Trop radical pour être entendu ? Voire… Il y a trois ans, le maire de São Paulo a décidé d’interdire tout panneau publicitaire dans la mégapole brésilienne, en pleine anarchie visuelle ! Les États du Vermont, du Maine, d’Hawaï ou d’Alaska aux États-Unis, ainsi que la ville norvégienne de Bergen, ont fait de même, et d’autres villes y réfléchissent.
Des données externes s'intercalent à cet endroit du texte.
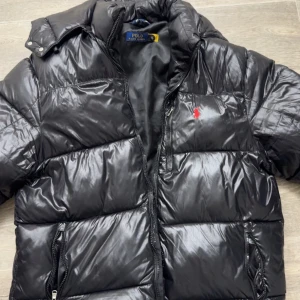 Svart pufferjacka från Polo Ralph Lauren - Säljer en svart pufferjacka från Polo Ralph Lauren. Jackan har en glansig yta med dragkedja och en liten röd logga på bröstet. Perfekt för kyliga dagar med sin vadderade design.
Les débats sur la pub dans l’espace public sont cependant sous l’influence de la loi Grenelle 2, qui comporte un volet « pollution visuelle ». « Un mélange d’avancées minimales et de reculs importants, mais leur ampleur dépendra des décrets qui en préciseront les contours », commente Pierre-Jean Delahousse. Avancées : les préenseignes, petits panneaux de 1,5 m2 postés hors et dans les agglomérations pour annoncer diverses activités commerciales, seront pour la plupart supprimées, ou mises au format de la signalisation urbaine. De même, on devrait enregistrer une réduction des tolérances autorisées au sein des RLP. En contrepartie, c’est un boulevard que la loi a ouvert à l’une des bêtes noires des écologistes : les bâches publicitaires sur les immeubles en travaux. Alors qu’elles peuvent occuper 900 m2, le Grenelle 2 autorise leur installation sans limitation de surface, par simple arrêté municipal !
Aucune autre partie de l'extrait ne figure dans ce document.